##### Entries shown

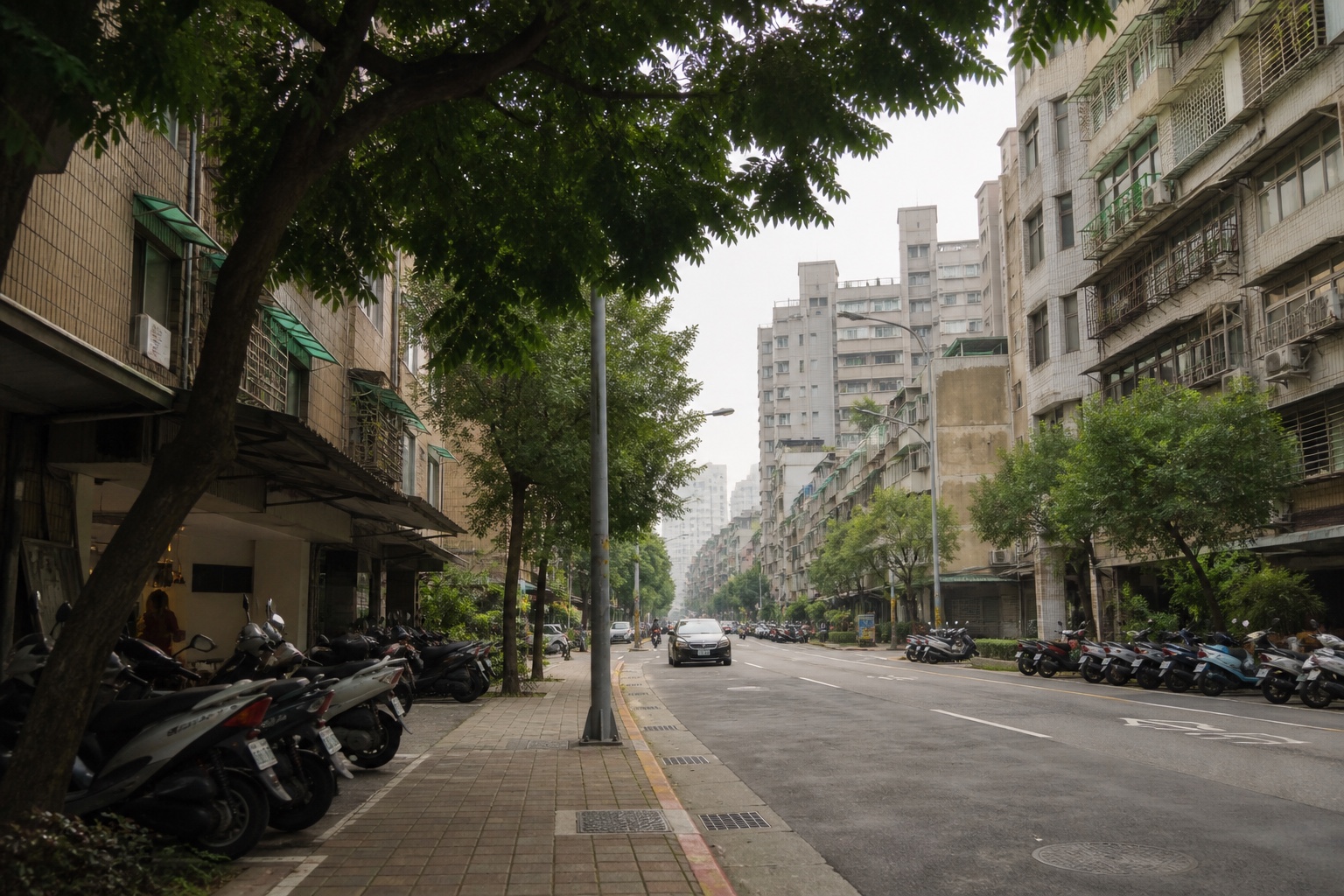 江子翠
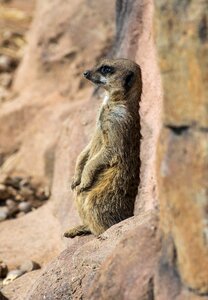 Wildlife cute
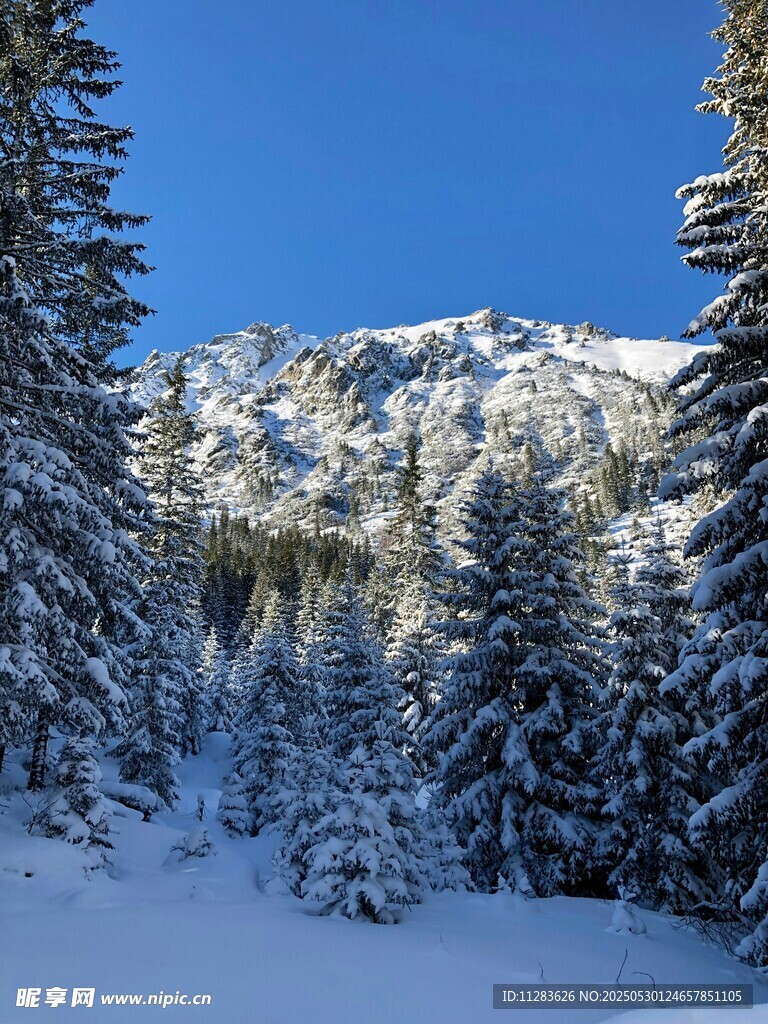 冬日雪山松林美景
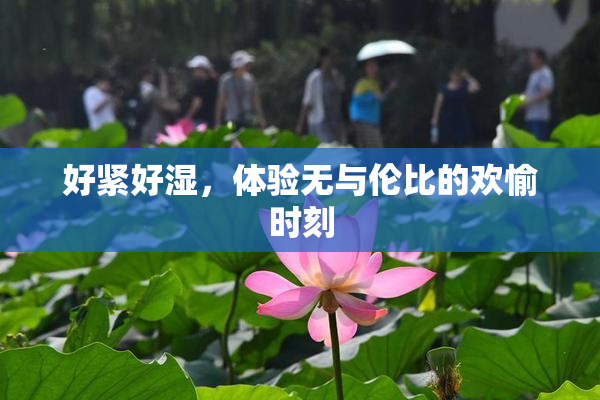 好紧好湿，体验无与伦比的欢愉时刻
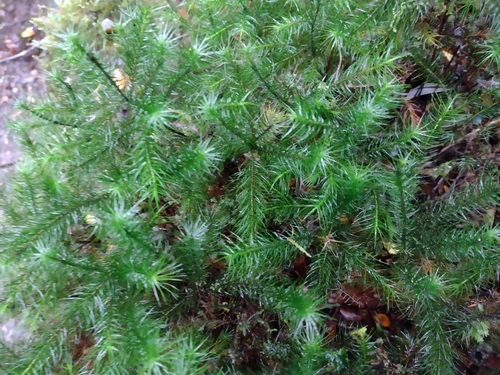 Image of Dendroligotrichum dendroides by (c) Fernanda Isidora Améstica Rojas, some rights reserved (CC BY)
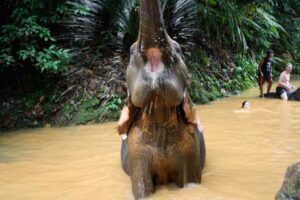 Koh Chang Reiseführer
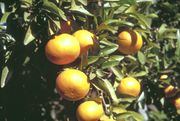 Mandariini 'Murcott'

##########

▶ **What to work on**
The copy should hold exactly the lines from the line containing "好紧好湿，体验无与伦比的欢愉时刻" through the end of the data, both ends included, and no pictures.

▶ **Solution to this exercise**
 好紧好湿，体验无与伦比的欢愉时刻
 Image of Dendroligotrichum dendroides by (c) Fernanda Isidora Améstica Rojas, some rights reserved (CC BY)
 Koh Chang Reiseführer
 Mandariini 'Murcott'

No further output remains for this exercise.